Keuangan Syariah Masih Minim Sosialisasi

Bareksa • 16 Jun 2017

an image
Branch Manager Bank Syariah Mandiri Cabang Jakarta - Thamrin Kusuma Dewi Eka (kiri) menjelaskan transaksi dan fasilitas perbankan kepada pelajar SD Sekolah Alam Indonesia di Jakarta (20/1/2014) (Antarafoto/HO)

Hal itu membuat produk keuangan syariah masih kalah dengan konvensional

Bareksa.com – Industri keuangan syariah di Indonesia masih punya hambatan yang sama untuk bisa berkembang. Selain soal permodalan, selama ini keuangan syariah kurang sosialisi sehingga masih kalah pamor dengan produk konvensional.

Hal itu pun dicermati Anggota DPR RI Fadel Muhammad. Fadel yang juga merupakan founder media Warta Ekonomi menyadari hal itu saat menggelar Sharia Finance Award (ISFA) 2017. “Keuangan syariah itu hambatannya kurang sosialisasi. Itu yang saya rasakan waktu buat ISFA ini,” ujar Fadel melalui keterangannya, Kamis, 15 Juni 2017.

Akibat kurang sosialisasi itu, Fadel menilai penawaran produk syariah masih kurang kompetitif dibanding produk keuangan konvensional. Karena itu industri keuangan syariah dituntut harus menelurkan beragam produk inovatif agar bisa bersaing dengan industri keuangan konvensional.

"Kemudian, sebagian besar modal yang dimiliki juga kecil. Dalam riset yang kami buat terlihat memang ekonomi dan keuangan syariah 77 persen masih terpusat di Pulau Jawa. Untuk pembiayaan pun demikian di Pulau Jawa dan Jakarta mendominasi," jelas Fadel.

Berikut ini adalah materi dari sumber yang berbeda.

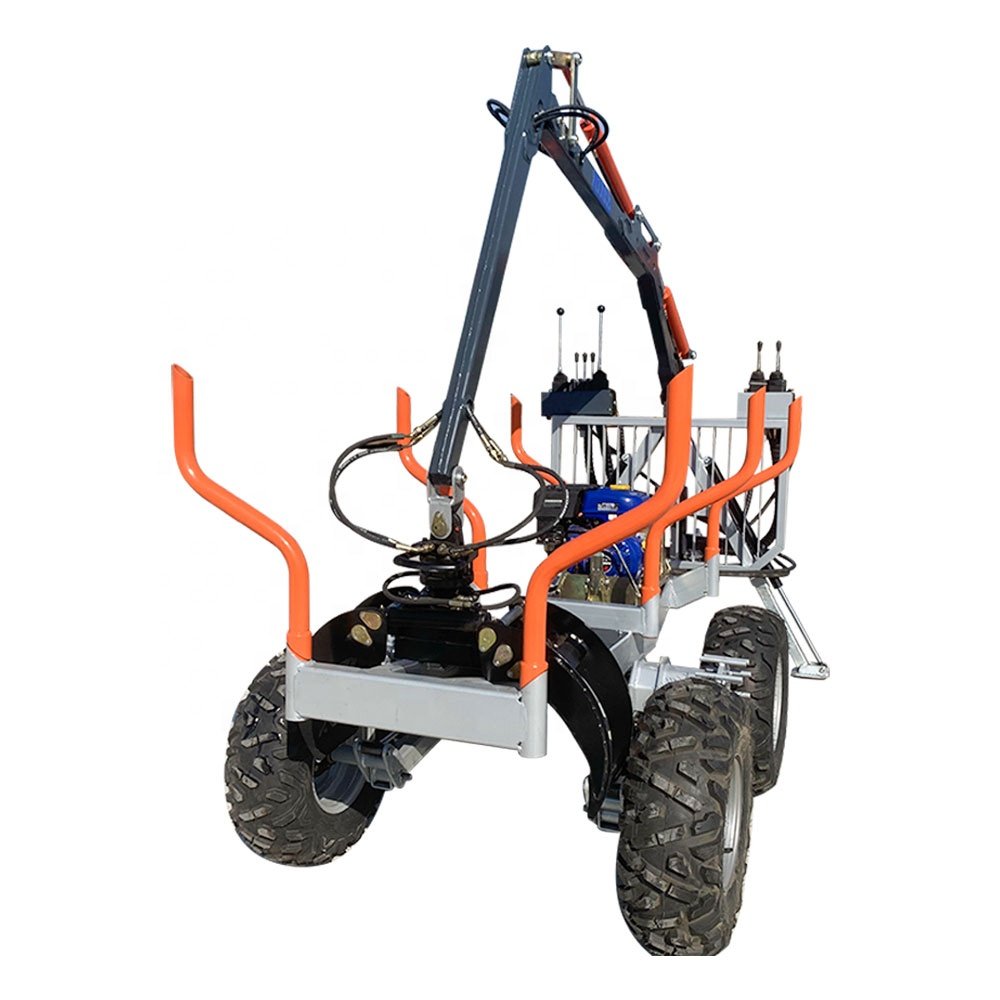 1.5ton Atv Log Loader With High Speed Wheels / Double Axles Log Loader With Crane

Asal tahu saja, aset perbankan syariah masih terkonsentrasi di Pulau Jawa (77,06 persen), khususnya di Jakarta (53,6 persen). Sebaran pembiayaan juga masih terkonsentrasi di Pulau Jawa (71,19 persen) khususnya Jakarta (40,19 persen). Sebaran dana pihak ketiga (DPK) pun masih didominasi di Pulau Jawa (74,70 persen) khususnya Jakarta (47,53 persen).

Oleh sebab itu, ia mendorong regulator dalam hal ini Otoritas Jasa Keuangan agar melakukan sosialisasi secara masif mengenai keuangan syariah agar sebarannya merata. Fadel juga meminta pemangku kepentingan perusahaan keuangan syariah untuk menambahkan modal atau melakukan merger agar lebih besar.

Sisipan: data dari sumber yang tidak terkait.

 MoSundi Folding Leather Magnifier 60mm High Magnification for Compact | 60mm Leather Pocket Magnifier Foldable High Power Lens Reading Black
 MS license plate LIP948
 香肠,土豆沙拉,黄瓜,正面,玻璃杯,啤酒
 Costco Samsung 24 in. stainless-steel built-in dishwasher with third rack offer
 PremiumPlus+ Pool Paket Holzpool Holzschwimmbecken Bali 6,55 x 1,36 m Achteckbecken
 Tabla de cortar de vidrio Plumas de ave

"Ketika saya di komisi XI DPR bersama dengan Pak Muliaman (Ketua OJK) dan Pak Bambang (saat menjadi Menteri Keuangan) ingin sekali mmbesarkan syariah cuma masalah yang dihadapi modal. Saya bilang kalau bisa digabungkan atau diinjeksi lagi modal karena ternyata potensi untuk tumbuh sangat besar sekali," tandasnya.

Dengan upaya itu, dia berharap industri keuangan syariah dapat bersaing dengan negara lain seperti Malaysia. "Masa kita kalah sama Malaysia, sama negara lain padahal kita negara muslim terbesar," tuturnya.

OJK mencatat hingga Maret 2017, pangsa pasar keuangan syariah berkisar 5 persen dari total pasar industri keuangan. Hal ini kalah jauh bila dibandingkan Malaysia yang sudah menembus 40 persen.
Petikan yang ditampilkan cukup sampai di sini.